23 Nov 2020

We have looked at how the Word and the Spirit are both needful and complementary in the development of godliness in the christian life. We saw how the lack of one or both in outworking can pose real spiritual problems for God’s people, especially when this lack is manipulated by the evil one to cause confusion and damage to the church of God.

At this juncture, it may be helpful to review the ‘essentials’ of the Word and the role and ministry of the Spirit in the church and to realise how they ‘fit in’ with each other in God’s purpose for His people.

The God-given Scriptures are the self-interpreting, self-contained rule of Christian faith and life in every age. Although the canonical books were composed over a period of more than a thousand years, they do present a consistent view of how God deals with men. Both the church and the individual Christian must live by the BIble, by proper application of biblical principles. The revealed Word is necessary for the knowledge of God because God has given and appointed it for this purpose. Sin has so darkened human minds that they cannot know God apart from the light (information and illumination) that Scripture brings. The Scriptures are the only ‘source’ from which knowledge of salvation can be derived. The reason why God speaks these biblical writings to us now is because He spoke through them once for all, when He gave them. They are therefore the means of God’s instruction to us now, the most sure source of spiritual knowledge that we have.

The Bible is a set of particular writings from the ancient world just as Jesus Christ is a particular Jew of the first century A.D. But just as Jesus Christ is God’s Son and Saviour for the world, so Holy Scripture is God’s word and wisdom for the world – it is God’s pure word of address to all mankind which stands for all eternity. We must be grateful that God has given us light for our journey through this dark world. The light is the Holy Scriptures, the inspired Word of canonical instruction on God and godliness which shines as a light in this very dark place. We must thank God for the Word and to commend what we believe about it, by the way in which we treasure it, read, mark, learn, and inwardly digest it – the Word is for us to treasure up in our hearts and respond to in faith.

The Holy Spirit plays a leading role in almost every aspect of the writings of Apostle Paul in terms of his theology on Christian life and experience. However, the Spirit is not the center for Paul – Christ is, but the Spirit stands close to the center, making Christ known and empowering all genuinely Christian life and experience. The Spirit comes into the life of the individual and the church in a dynamic experiential way. The Spirit marks off God’s people individually and corporately as God’s temple, the place of His personal dwelling on earth. The coming of the Spirit is the sure evidence that the future had already been set in motion; the final consummation of God’s kingdom however had not yet taken place. The Spirit serves as the sure guarantee of the final glory and as a ‘down-payment’ and ‘seal’ of what is to come.
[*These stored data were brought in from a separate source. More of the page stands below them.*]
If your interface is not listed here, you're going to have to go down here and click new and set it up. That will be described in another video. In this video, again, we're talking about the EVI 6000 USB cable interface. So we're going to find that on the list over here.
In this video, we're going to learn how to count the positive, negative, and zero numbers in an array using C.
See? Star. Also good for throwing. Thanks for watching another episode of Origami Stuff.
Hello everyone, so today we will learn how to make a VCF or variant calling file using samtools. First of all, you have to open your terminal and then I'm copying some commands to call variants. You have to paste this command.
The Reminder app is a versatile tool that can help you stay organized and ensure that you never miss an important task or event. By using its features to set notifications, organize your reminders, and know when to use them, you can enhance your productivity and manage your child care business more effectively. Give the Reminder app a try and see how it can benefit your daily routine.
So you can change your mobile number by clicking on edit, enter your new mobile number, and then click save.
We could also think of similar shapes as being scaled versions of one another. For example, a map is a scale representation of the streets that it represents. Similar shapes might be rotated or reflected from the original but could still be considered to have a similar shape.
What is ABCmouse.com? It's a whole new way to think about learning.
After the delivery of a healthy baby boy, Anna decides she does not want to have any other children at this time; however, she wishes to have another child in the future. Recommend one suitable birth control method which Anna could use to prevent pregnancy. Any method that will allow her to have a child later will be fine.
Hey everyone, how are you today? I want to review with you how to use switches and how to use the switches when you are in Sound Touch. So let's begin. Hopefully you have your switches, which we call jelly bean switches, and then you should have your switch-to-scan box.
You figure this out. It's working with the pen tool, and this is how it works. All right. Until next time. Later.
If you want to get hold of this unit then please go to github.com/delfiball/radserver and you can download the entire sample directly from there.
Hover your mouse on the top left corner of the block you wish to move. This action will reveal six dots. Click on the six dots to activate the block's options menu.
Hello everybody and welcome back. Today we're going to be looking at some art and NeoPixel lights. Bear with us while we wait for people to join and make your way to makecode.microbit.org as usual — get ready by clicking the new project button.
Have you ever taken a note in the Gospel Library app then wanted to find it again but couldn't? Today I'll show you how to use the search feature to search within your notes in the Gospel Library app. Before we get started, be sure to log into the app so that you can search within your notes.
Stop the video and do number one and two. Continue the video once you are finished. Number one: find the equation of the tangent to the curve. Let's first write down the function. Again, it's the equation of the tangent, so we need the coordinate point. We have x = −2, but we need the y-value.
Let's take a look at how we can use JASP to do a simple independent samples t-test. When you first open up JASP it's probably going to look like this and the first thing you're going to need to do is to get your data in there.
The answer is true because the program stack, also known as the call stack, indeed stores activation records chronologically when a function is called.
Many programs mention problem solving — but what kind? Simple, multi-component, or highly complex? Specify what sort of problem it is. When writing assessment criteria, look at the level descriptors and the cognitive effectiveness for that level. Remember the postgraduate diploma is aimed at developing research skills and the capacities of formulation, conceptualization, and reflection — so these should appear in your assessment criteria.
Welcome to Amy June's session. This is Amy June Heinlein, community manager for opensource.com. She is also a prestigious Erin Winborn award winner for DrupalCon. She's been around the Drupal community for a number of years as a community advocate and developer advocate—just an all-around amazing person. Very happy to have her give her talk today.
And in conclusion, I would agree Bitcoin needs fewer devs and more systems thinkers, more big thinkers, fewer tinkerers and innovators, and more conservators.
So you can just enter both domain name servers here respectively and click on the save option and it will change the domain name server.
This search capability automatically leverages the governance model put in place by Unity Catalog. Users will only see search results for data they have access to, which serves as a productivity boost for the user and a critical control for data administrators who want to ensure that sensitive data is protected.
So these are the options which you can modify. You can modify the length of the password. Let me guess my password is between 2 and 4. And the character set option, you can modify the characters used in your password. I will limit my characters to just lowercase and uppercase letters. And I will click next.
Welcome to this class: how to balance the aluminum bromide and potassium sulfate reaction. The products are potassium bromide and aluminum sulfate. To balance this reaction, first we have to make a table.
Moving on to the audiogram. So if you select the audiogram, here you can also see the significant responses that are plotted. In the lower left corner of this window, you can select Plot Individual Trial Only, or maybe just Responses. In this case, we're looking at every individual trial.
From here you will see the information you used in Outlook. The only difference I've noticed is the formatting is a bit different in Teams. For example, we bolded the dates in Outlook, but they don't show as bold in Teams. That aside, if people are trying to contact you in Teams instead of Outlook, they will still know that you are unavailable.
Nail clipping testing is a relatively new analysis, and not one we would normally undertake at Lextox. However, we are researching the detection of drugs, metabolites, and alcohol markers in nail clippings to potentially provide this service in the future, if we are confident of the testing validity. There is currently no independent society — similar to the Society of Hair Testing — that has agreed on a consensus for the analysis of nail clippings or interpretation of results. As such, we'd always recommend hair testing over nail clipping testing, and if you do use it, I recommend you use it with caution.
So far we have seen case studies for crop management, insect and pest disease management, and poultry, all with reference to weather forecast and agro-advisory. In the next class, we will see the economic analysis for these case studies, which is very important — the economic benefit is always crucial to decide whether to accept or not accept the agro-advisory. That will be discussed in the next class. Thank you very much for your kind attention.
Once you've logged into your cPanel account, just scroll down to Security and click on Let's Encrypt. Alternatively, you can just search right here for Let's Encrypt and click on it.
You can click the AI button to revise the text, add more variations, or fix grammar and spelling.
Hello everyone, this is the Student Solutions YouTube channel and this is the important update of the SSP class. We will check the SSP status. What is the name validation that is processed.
Paul’s understanding of the ministry of the Spirit has its foundation in the Trinity. God is one and personal; the Spirit is the Spirit of God and therefore personal.The Spirit and Christ are fully divine; however the Spirit is as distinct from Christ and the Father as they are from each other. Salvation is God’s activity from beginning to end and it involves all three persons of the Godhead.

The goal of God’s eschatological salvation is to create a people for His name. The people are formed by the Spirit; they are an eschatological people, who live the life of the future in the present as they await the consummation. They are God’s family, evidenced by the Spirit’s crying Abba from within their hearts; they are God’s temple, the place of His habitation on earth by His Spirit, and they form Christ’s body, made so by their common experience of the one Spirit. The Spirit thus empowers ethical life in all its dimensions – individually, within the community, and to the world. The Spirit is the key to Christian Worship and to all truly Christian Spirituality. The Spirit’s presence, including His gifts, helps to build up the believing community as its members gather together to worship God. The Spirit, who forms the body and creates the temple, is present with unity and diversity, so that all may participate and all may be built up in Christ.

Paul’s understanding is that the church is to be vitally trinitarian in its life and spirituality. This will mean not the exaltation of the Spirit but the exaltation of God; and it will mean focus not on the Spirit as such but on the Son, crucified and risen, Saviour and Lord of all. The Spirit always ‘put the spotlight on the Son of God’, not on Himself. The three persons of the Godhead are in loving fellowship eternally; they are perfectly ‘contented’ and ‘joyous’ in fulfilling their roles in the Trinity.